Sharon Laws – the devastating impact of cancer

Last October, Sharon Laws announced she had been diagnosed with “treatable but not curable” cancer. A biopsy of some swollen lymph nodes in her neck, which she had put down to a persistent cold were secondary cancer tumours. More were found in her pelvis. This was cancer, that had cruelly spread from a primary tumour in her cervix. Now, she reveals the full extent of her treatment and its impact. 

Sharon, you’ve had four rounds of chemotherapy now – how is it?

It is getting harder as the time goes on and it’s taking me longer to recover from each treatment. After the fourth one I vomited twice during the night and spent two days in bed the following week. I feel nauseous for about 10 days after the treatment, despite medication, which is really unpleasant. I constantly have blood in my nose as the treatment affects the mucosal cells, this drains back into my throat so I have an awful taste of blood much of the time. It is really hard to find anything appetizing to eat during those initial 10 days as the chemotherapy affects your appetite and taste. For someone who loves food so much this is a real challenge.

I’ve had three treatments delayed as my white blood cell count has been too low, so after this last treatment, I had to give myself a 5 day course of an injection with a substance called Filgrastim. This also has side effects – the main one being bone pain from the bone marrow as the drug makes it produce more white blood cells.

How did you feel when you were first diagnosed, and how do you feel now, some months on? 

I was shocked and still am. To be told you have an incurable disease when you have so many plans and dreams to fulfill is devastating. Statistically 5% of women survive for 5 or more years with Stage 4 cervical cancer. These aren’t great odds. It’s still hard to get my head round.

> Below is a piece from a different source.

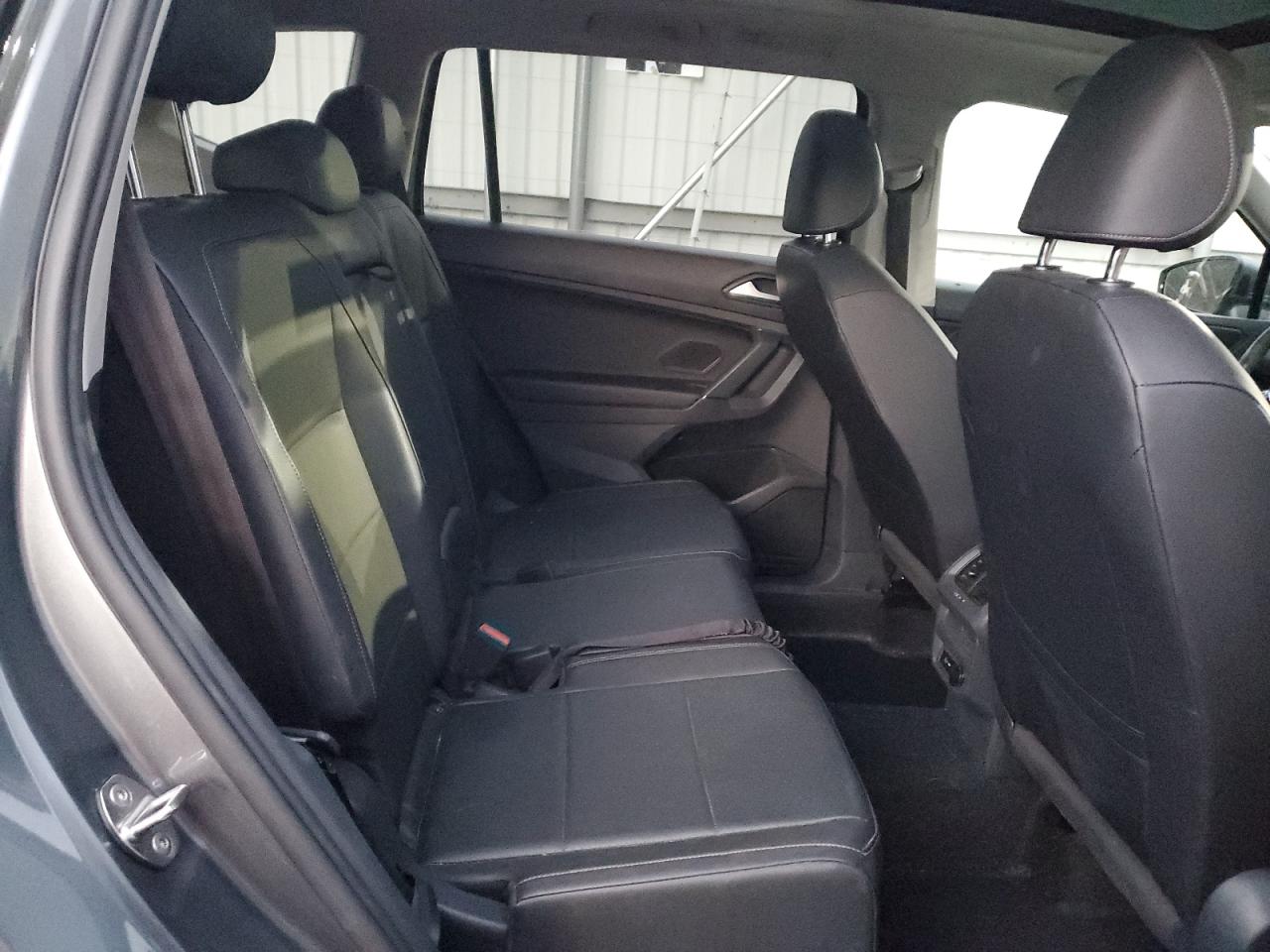 VOLKSWAGEN TIGUAN SE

How hard mentally is it to go from a pro cyclist to a cancer patient? 

Very hard – it is one extreme to another. I was used to feeling full of energy, fit and healthy and now I have to accept that I can’t do what I used to able to. I knew, to an extent, this was going to happen when I retired but I thought it would be a gradual process. With the impacts of a number of operations and the chemotherapy it has, however, been immediate. Perhaps one of the hardest aspects was that I didn’t feel particularly sick before the diagnosis. I knew I wasn’t riding that well but I didn’t realise it was because I was seriously ill. I thought I was just getting old. So to have treatment (which makes you sick) when you feeling well, is difficult to accept. By the third week after treatment I’m beginning to feel more normal again so having to go for chemotherapy, which is going to make me sick again, is a real mental challenge and I face it with dread each time.

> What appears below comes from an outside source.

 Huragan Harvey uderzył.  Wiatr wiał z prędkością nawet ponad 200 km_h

What is a typical day like?

I try to keep in a routine but it has to be quite flexible according to how I am feeling in relation to the chemotherapy cycle. I don’t use an alarm to try to maximize sleep. I still try to ride each morning – the distance will vary according to whether it is the first 10 days after the chemotherapy when I have to do a lot less. I just ride really slowly to get fresh air, clear my head, enjoy the Cotswolds and keep an eye out for wildlife. In the afternoons I try to go for a walk either alone to learn Spanish or with my Mum. I do a short yoga session before dinner. I’ve been really lucky with visitors and lots of messages so that also keeps me busy. It’s a pretty simple day. I have to avoid busy public places and public transport to reduce my chance of infection. I’m being very cautious with this so don’t go shopping or do anything social – basically I more or less stay at home, ride or walk. Having spent the last 15 years or so constantly on the go and traveling for work or cycling it is a huge change for me just to be in one place, not be rushing around packing and unpacking and to sleep in the same bed.

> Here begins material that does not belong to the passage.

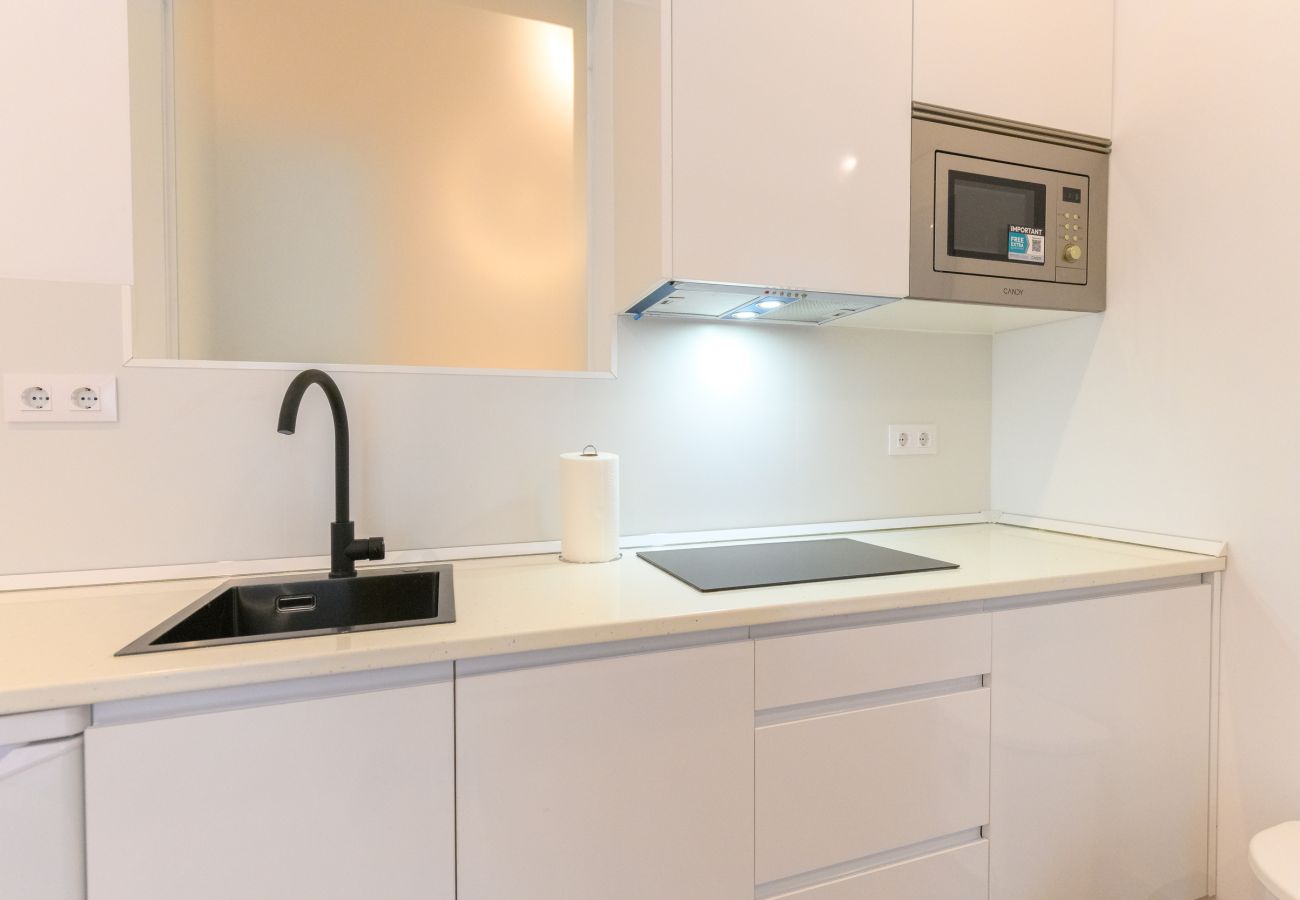 Apartamento en Madrid - M (FEI7) Elegancia y Confort en el Corazón de Chamberí: Apartamento Dúplex con Sótano Privado y Estilo Único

What have you learnt about yourself, your friends and family, those around you? 

I’ve been overwhelmed by the support, messages, presents and visitors I have had. It has made me appreciate my friends and family so much. Having lived overseas for much of my working career it hasn’t always been easy to see people or remain in close contact. I am so grateful to all of the people who are helping me through this difficult time. I’ve heard from a lot of people I had lost contact with and friends have come from great distances to see me – including one of my closest friends who came from South Africa and one from the Shetland Islands and Emma Pooley from Switzerland. I guess this aspect has at least been a silver lining.

How can we help to raise awareness about your condition? 

It would be good to raise awareness about the need to regularly attend smear tests no matter how busy you are.

How do you keep your spirits up? Is it hard to stay positive?

I try to stay as positive as possible. I haven’t conformed to any statistics to date so I’m hoping that, in this situation, I can also be an outlier. Cancer behavior is notoriously difficult to predict. The uncertainty of what the future holds and how long that future might be, is hard to deal with. I have to take each day as it comes because when I think too much about the future I tend to get sad and less positive.

What support have your received so far – what does that mean to you? 

I’ve received a lot of support from friends and family. I have two friends who have been through breast cancer and their advice and help has been invaluable. Lots of other people have helped in a variety of ways, for example, from helping me pack up my flat in Girona, storing my furniture and other items, helping me with admin, regularly contacting me to see how I am doing and visiting. I will never forget those who have reached out to help and support me. I guess I have found out who my real friends are.

You are still cycling – how is that helping you both mentally and physically?

I am still cycling, all be it very slowly. I think staying as physically healthy as possible during the chemotherapy is important. Studies have also shown that exercise can help reduce fatigue which chemotherapy treatment is known to cause. Mentally it is also important for me to clear my head and help me remain positive. When I am riding my bike I can try to forget what is happening to me and pretend I’m fine and just going for a nice easy bike ride.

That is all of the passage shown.